The IAG said it continues to look into other debt options to help improve its finances, which have been ravaged by the pandemic. The group will publish quarterly results on Friday, for which analysts expect a loss of 1.25 billion euros (1.51 billion US dollars) from October to December.
In order to defer the pension deficit contributions worth £ 450 million due between October 2020 and September 2021, BA agreed not to pay dividends to parent company IAG before the end of 2023.
Like all airlines, after almost 12 months of operation with minimal income, the IAG has consumed around 205 million euros per week in cash. It canceled its dividend last April and raised € 2.74 billion from shareholders in October to help overcome the crisis.
Countries around the world have tightened travel restrictions in the past two months to respond to new variants of the coronavirus. It is unclear when travel will resume, which continues to put pressure on airlines’ finances.
“In addition to these agreements, the IAG continues to review other debt initiatives to further improve its liquidity,” the IAG said in a statement. The group also owns the airlines Iberia and Vueling in Spain and the Irish airline Aer Lingus.
IAG’s shares are down 55% year over year, but news of the added liquidity helped them jump 1.1% to 167p in early Monday trading, in line with the UK blue chip index.
BA said it had finalized a deal on a new £ 2 billion five-year loan, partially guaranteed by the UK through its UK export finance unit, which would be drawn on the facility by the end of this month.
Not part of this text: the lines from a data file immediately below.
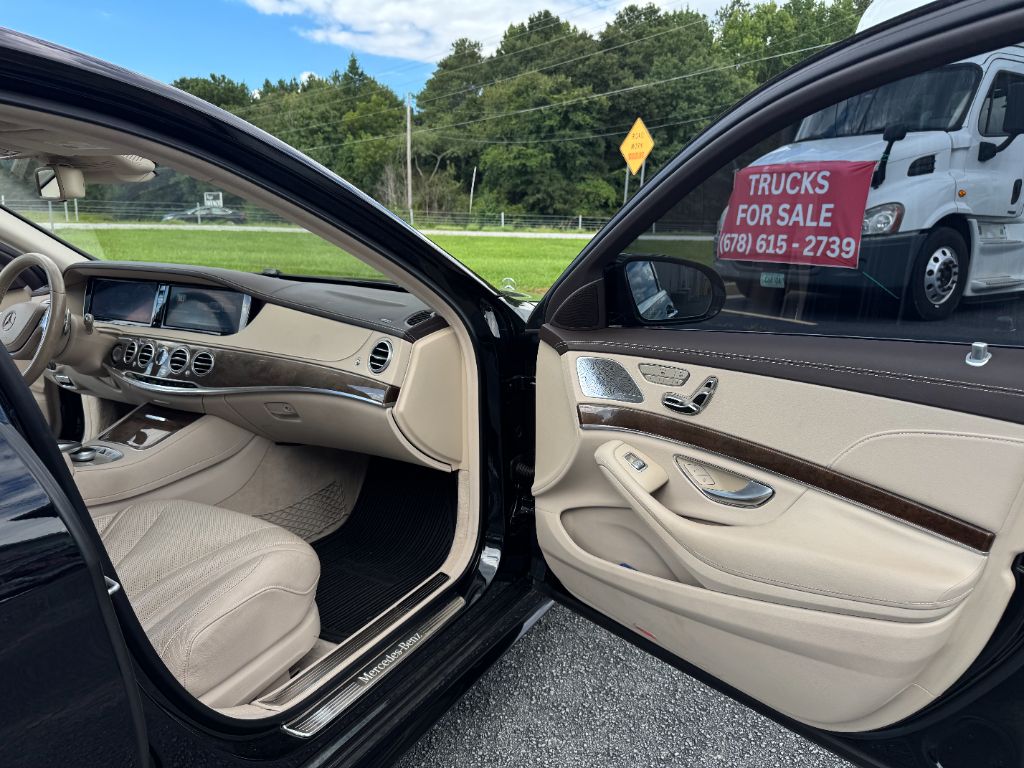 2017 Mercedes-Benz S-class - $27,495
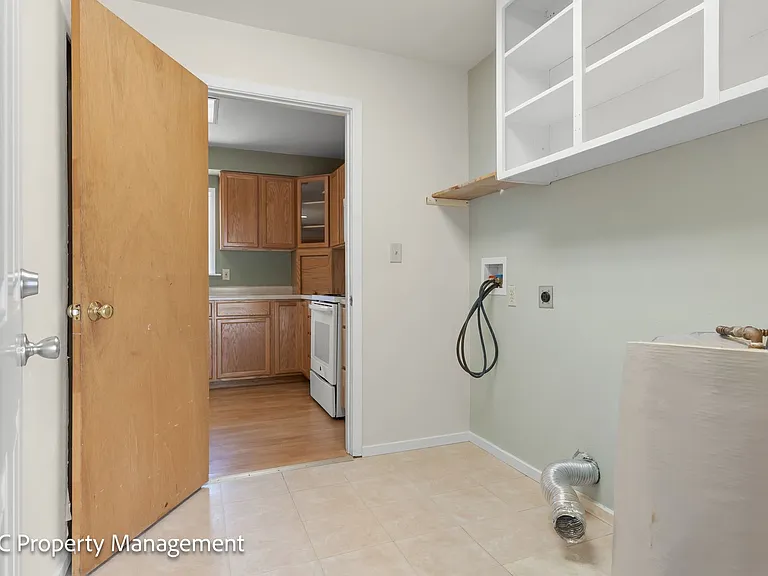 4780 Cody Ave — Photo 37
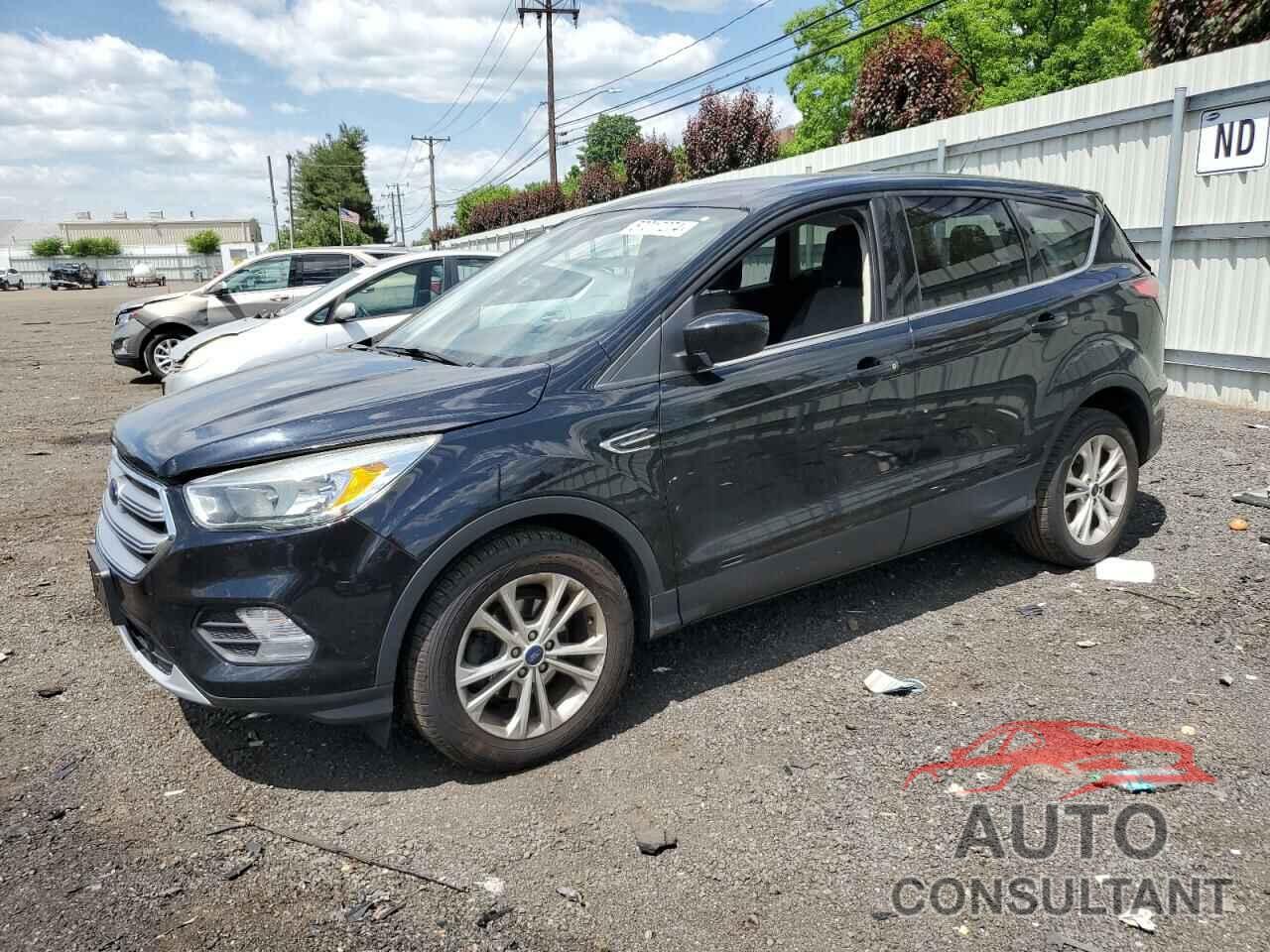 FORD ESCAPE 2017 - 1FMCU0GD2HUA90066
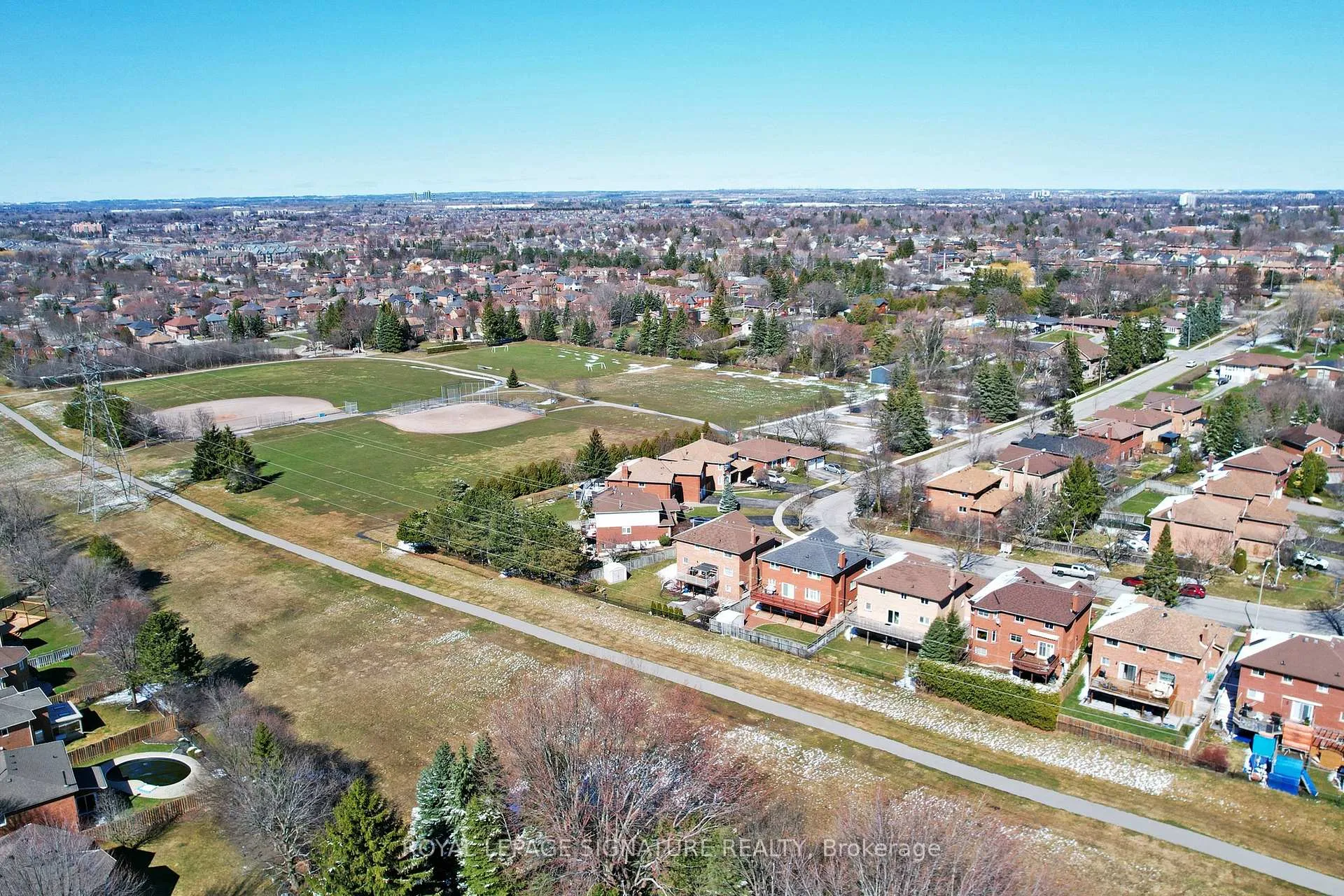 Photo 35 of 22 Winter Court, Whitby, Blue Grass Meadows — HOMEH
This facility was secured in December and also includes restrictions on BAs making dividend payments to IAG.
The pension funds also agreed for the BA to defer monthly contributions of £ 37.5 million, which included holding property assets as collateral and suspending BA dividends to parent company IAG through the end of 2023.
BA is the largest and most profitable airline in the IAG. Due to the dividend pause, it may be years before IAG shareholders receive payments again.
Given the airline group’s new debts and the fact that travel expenses are unlikely to reach 2019 levels until 2024, this should come as no surprise to shareholders.
“This underscores the fact that the IAG will be managing debt and no dividends to shareholders for at least the next two years, which could be viewed as compounding a negative,” Goodbody analysts said in a note.